Salah atau tidak Dipo Alam mengkritik media massa cetak maupun elektronik, menjadi sebuah kesepahaman bersama, kalau sebagai pejabat publik dalam hal ini ia harus bisa hati-hati, karena bila ini terjadi bahkan proses sistemik dalam wujud pemasungan. Ini merupakanwujud baru model pembredelan ala orde baru. Sikap Dipo tersebut menunjukkan otoriter dan intervensi yang berakibat fatal bila berjalan dan berbahaya. Bisa merugikan semua pihak termasuk masyarakat seperti kita ini.

Tugas mulia dari menjunjung tinggi profesionalisme pers memiliki kewajiban mengawal jalannya pemerintahan dan pembangunan agar tidak terjadi berbagai penyimpangan-penyimpangan. Dengan fungsi sosial kontrolnya tersebut, pers punya kewajiban menampilkan berita-berita yang mengkritik pemerintah, tentunya kritik membangun.

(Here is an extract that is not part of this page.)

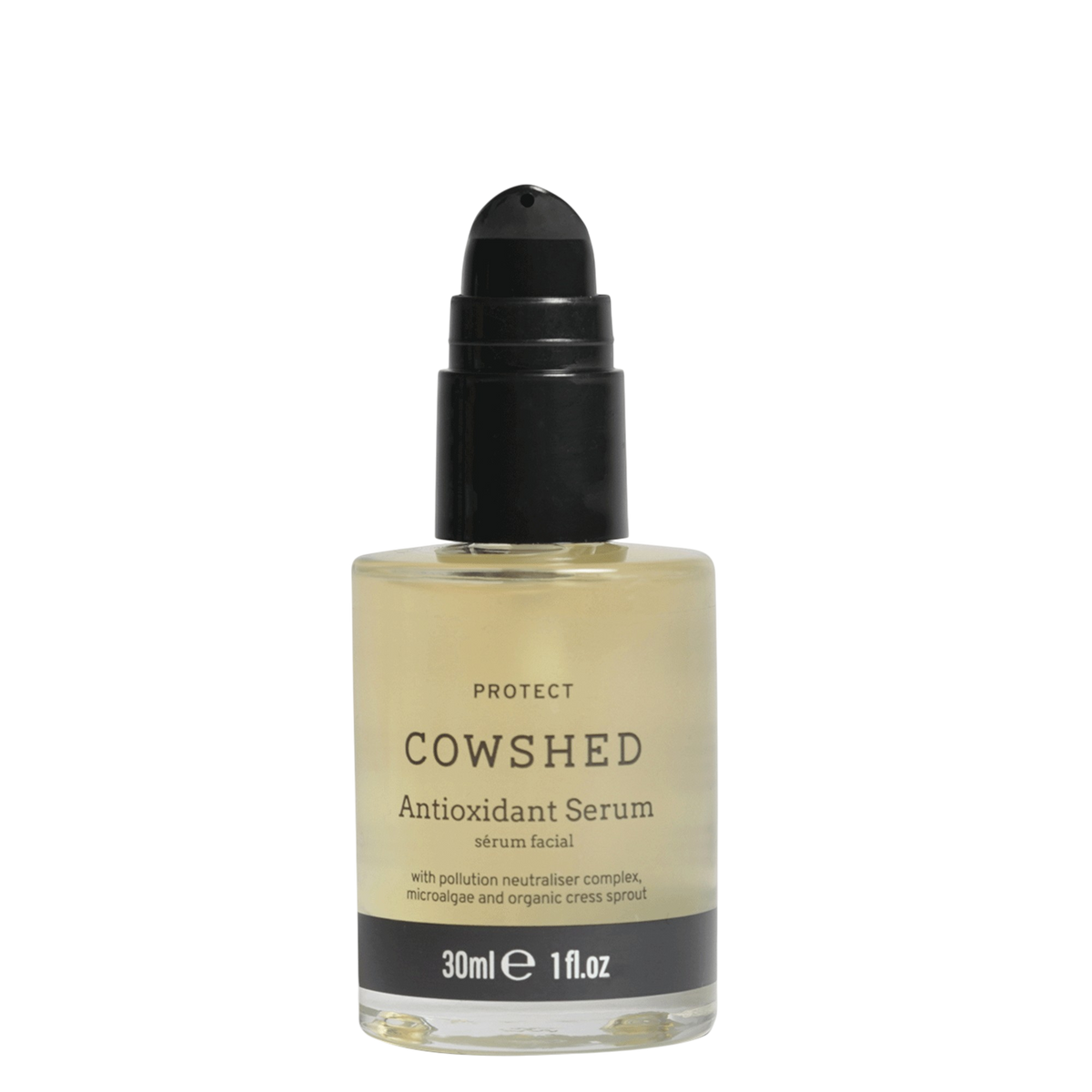 Antioxidant Serum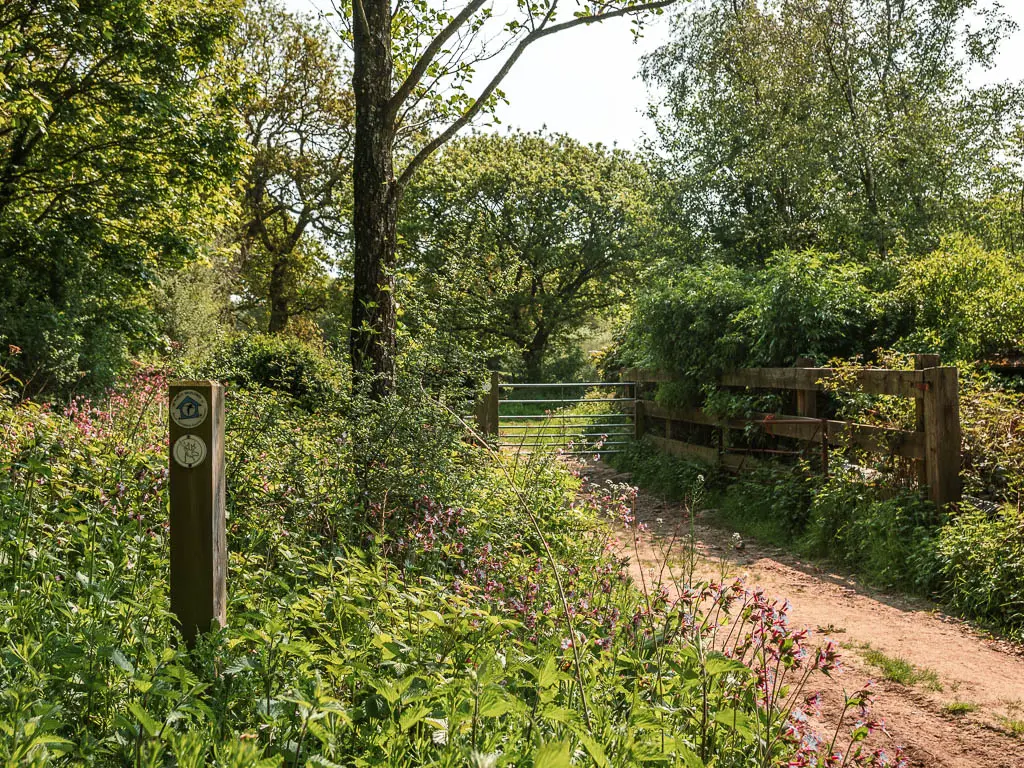 A wooden stump signpost nestled in the green plants, with a blue arrow pouting ahead along the trail, towards a metal gate.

Dari beberapa aspek tersebut Dipo Alam keterwakilannya, sebagai pejabat publik juga harus introspeksi tentang sikap yang cenderung asal saja dan ini menjadi bentuk intervensi yang otoriter. Bila tidak mau dikritik pers maka selayaknya pelaku kebijkan yang diamanahi tugas untuk menjalankan fungsi Negara harusnya berbenah dan jangan sampai bertindak salah. Kita sebagai manusia harusnya bisa mengerti yang bertindak sesuai dengan kapasitas dan tugasnya.

Masih banyak yang perlu disikapi selain hal-hal yang tidak subtansi, rakyat miskin yang terhampar dan masih hal lain serupa harusnya bisa diselesaikan. Bukan sebaliknya melakukan maneuver untuk mengamankan posisi yang harusnya bisa diminimalisir untuk menyegerakan tugas strategis social yang tertunda hingga saat ini, seperti slogan ini “rakyat butuh bukti bukan bualan janji-janji”. Kritik penting dan itulah tugas yang dilakukan sehingga kita harus jeli dalam menyikapi dengan melihat koridor dan aturan main untuk kebaikan semuanya.

*) Tulisan ini merupakan gagasan awal dan analisis hasil kunjungan dan dialog ke Metro TV, sebagai akbibat konflik yang terjadi dari sikap Dipo Alam yang mengintervensi Media dalam melakukan kritik terhadap pemerintah.